Only the banana plantations supplying the lucrative
export markets can afford the expensive pesticides and fungicides to
defend their crops. For many subsistence farmers, an attack of Black
Sigatoka means disaster, and sometimes even
starvation.
"Resistant strains are essential for
small-holder farmers, who cannot afford the expensive chemicals to
begin with," says Emile Frison, director of the International
Network for the Improvement of Banana and Plantain (Inibap), the
French-based organization that is helping to run the banana genome
project. "When Black Sigatoka strikes, farmers can do little more
than watch their plants die. Increased hunger can swiftly
follow."
The sweet dessert bananas that
all Westerners know are big business, but they only account for
about 15 percent of the 95 million tons of bananas grown annually.

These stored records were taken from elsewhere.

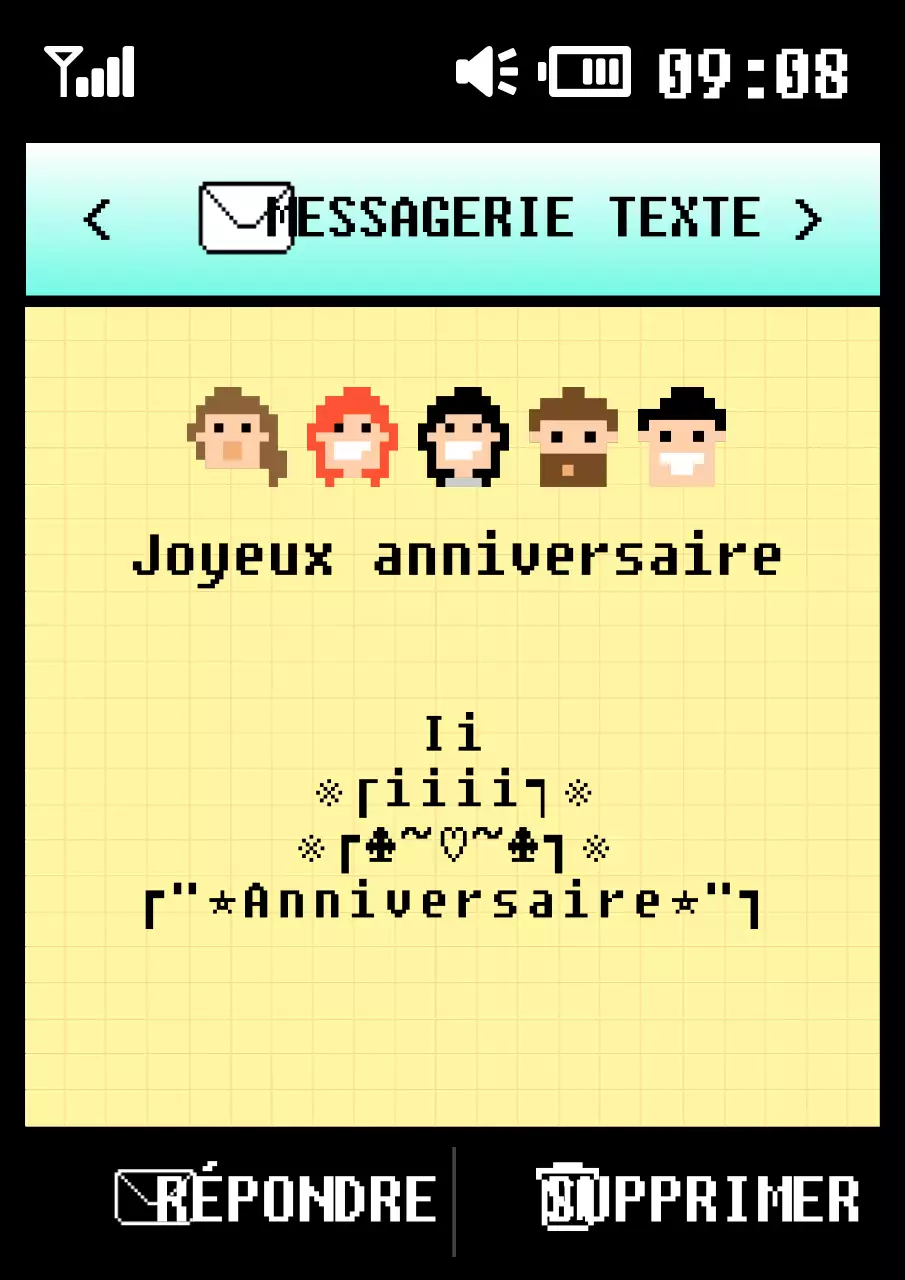 Invitation à une fête d'anniversaire rétro en jaune et menthe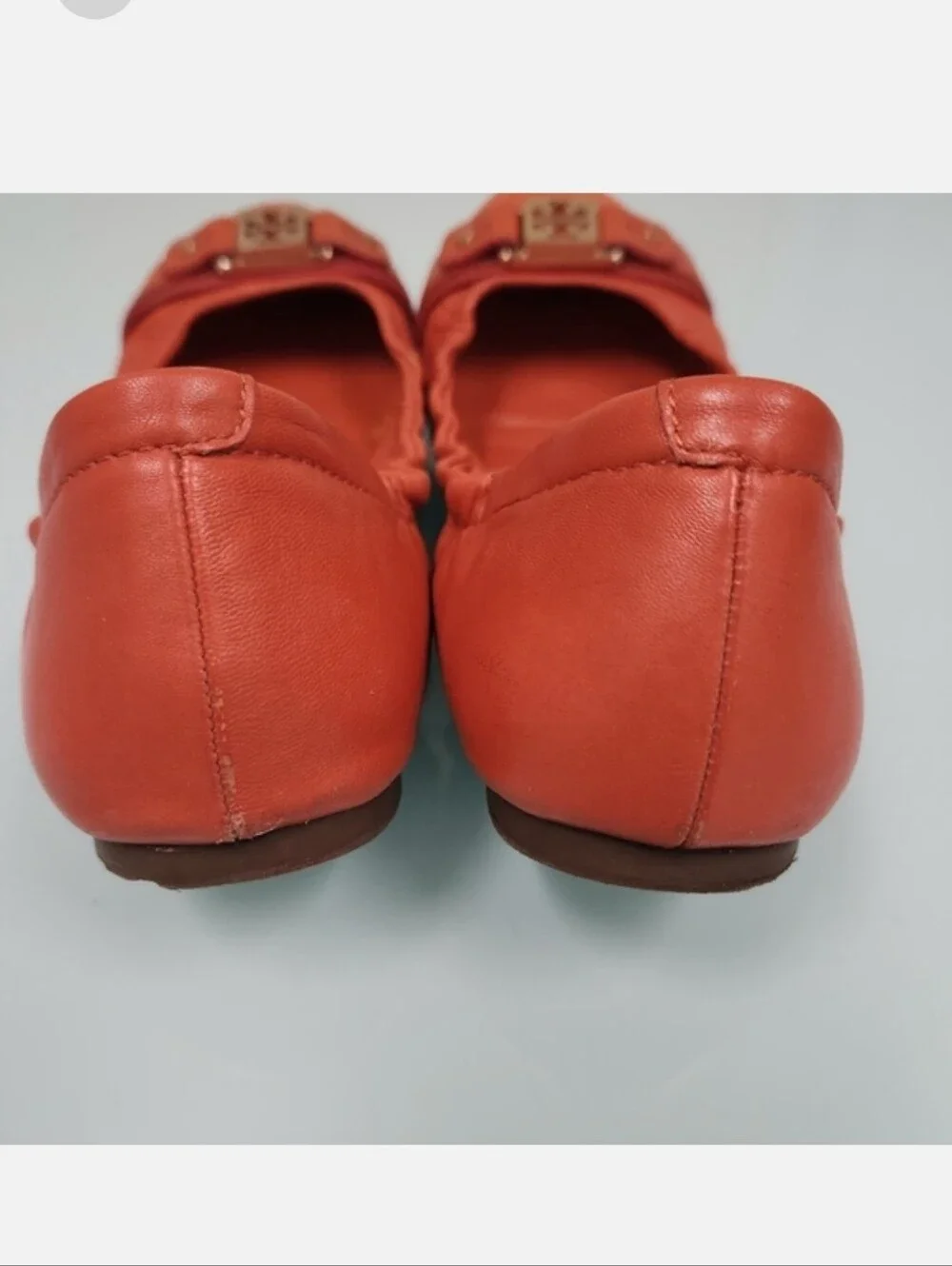 Tory Burch Orange Leather Logo Ballet Flats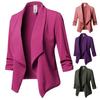 Women Business Blazer Open Stitch Cardigan Three Quarter Sleeves Straight Lapel Solid Color OL Style Formal OL Style Loose Lady Business Coat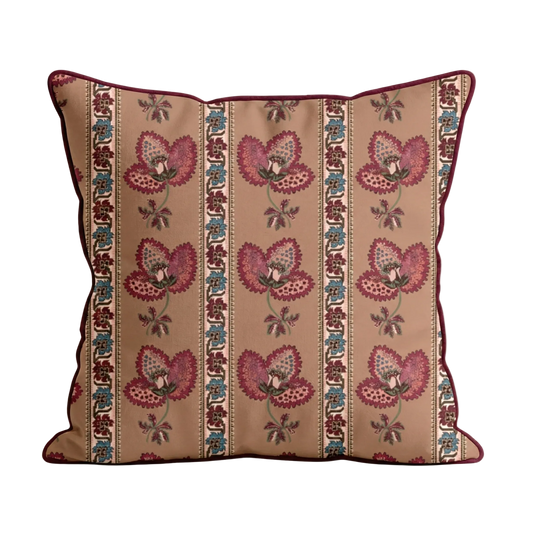 Soft brown cushion with floral pattern on a beige background for upholstery inspiration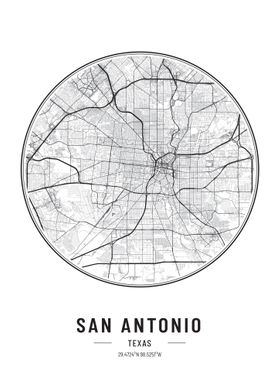 San antonio Texas USA map
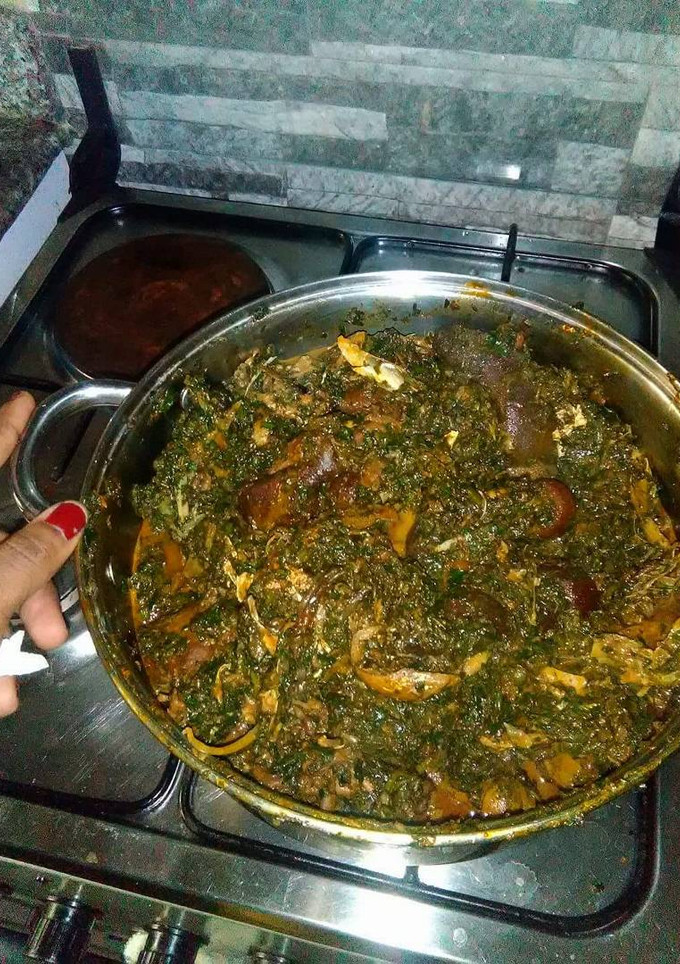 A picture of Afang soup.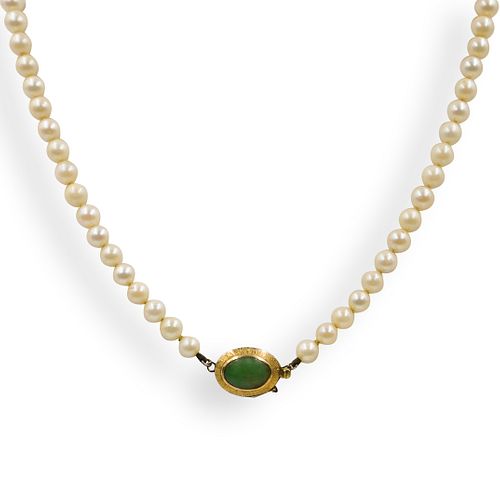 JADEITE AND BEADED PEARL NECKLACEDESCRIPTION  392986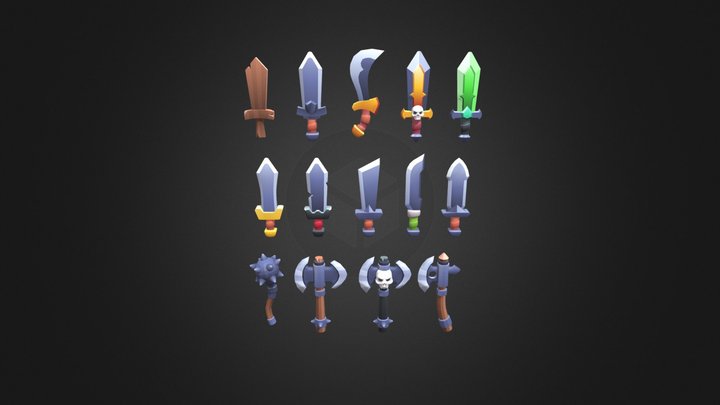 Swords 3D Pack — Mobile Game Assets 3D Model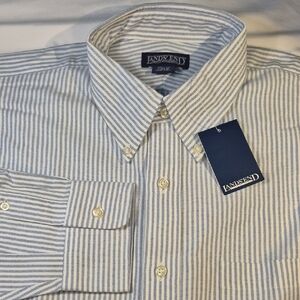 Lands' End Mens Oxford Long Sleeve  Blue Striped Button Down Dress Shirt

The vast bulk of the banana family is made up of the starchy cooking
bananas and plantains grown as a staple.
But all the minor varieties of cultivated banana are
essentially sterile, genetically uniform clones. The banana
varieties that do exist have come about not through the normal
process of genetic shuffling that occurs during sexual reproduction,
but by mutations within a clone that are vegetatively propagated by
taking cuttings or "suckers" growing from the base of the
plant.
How the banana has got away without sex for so
many thousands of years owes much to the hand of man. Although wild
bananas do pollinate their flowers—having the botanical equivalent
of sex—their fruit is packed full of peppercorn-hard seeds, making
them inedible. The soft, yellow flesh of the edible varieties is
the result of a mutation many thousands of years ago that rendered
the fruits of these plants sterile. Being sterile, of course, is a
major handicap in the wild—which is why the banana would not be
where it is today without being propagated and carried there by
humans.
There is, in fact, nothing very natural about the
banana, which would have remained an obscure plant confined to
somewhere in India or Malaysia had it not been for the Stone Age
farmer who took a fancy to the fruit of its sterile mutant and
propagated the first cutting from one of the suckers.
From
Asia, prehistoric humans are thought to have taken suckers to
Africa, where it quickly spread by further vegetative
propagation.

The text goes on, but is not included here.